What this task involves: Leave every picture behind and copy the rest of the entries below exactly.

Raw data:
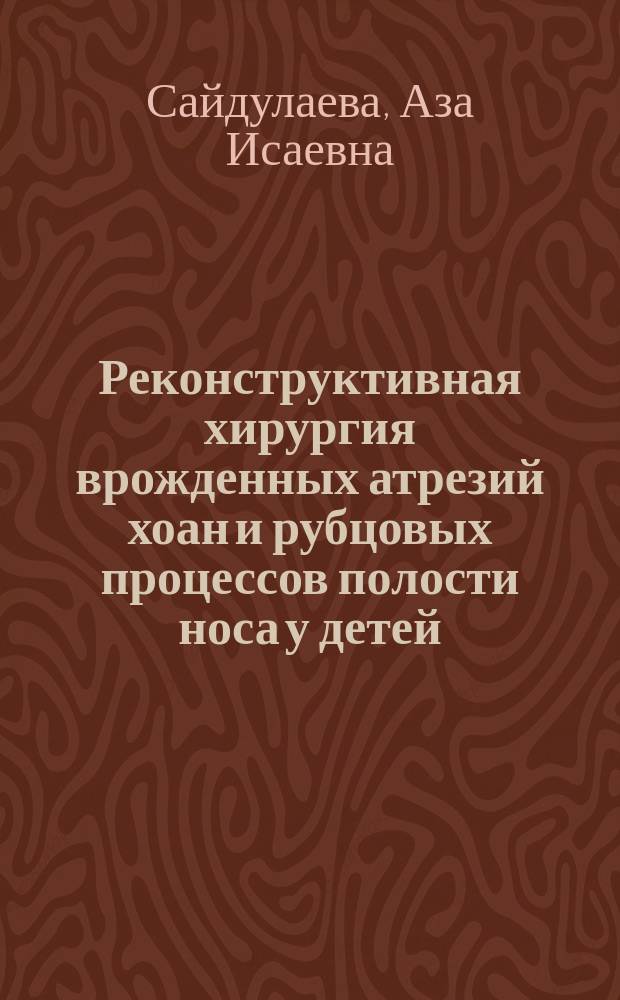 Реконструктивная хирургия врожденных атрезий хоан и рубцовых процессов полости носа у детей : автореферат диссертации на соискание ученой степени кандидата медицинских наук : специальность 14.01.03 <Болезни уха, горла и носа>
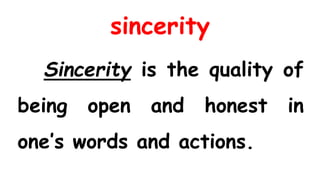 sincerity
Sincerity is the quality of
being open and honest in
one’s words and actions.
 
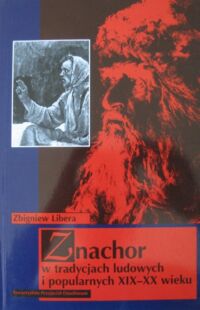 Zdjęcie nr 1 okładki Libera Zbigniew Znachor w tradycjach ludowych i popularnych XIX-XX wieku.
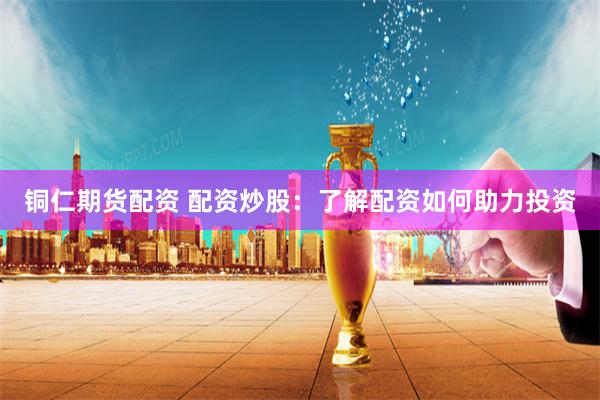 铜仁期货配资 配资炒股：了解配资如何助力投资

Problem solution:
 Реконструктивная хирургия врожденных атрезий хоан и рубцовых процессов полости носа у детей : автореферат диссертации на соискание ученой степени кандидата медицинских наук : специальность 14.01.03 <Болезни уха, горла и носа>
 sincerity
Sincerity is the quality of
being open and honest in
one’s words and actions.
 
 Zdjęcie nr 1 okładki Libera Zbigniew Znachor w tradycjach ludowych i popularnych XIX-XX wieku.
 铜仁期货配资 配资炒股：了解配资如何助力投资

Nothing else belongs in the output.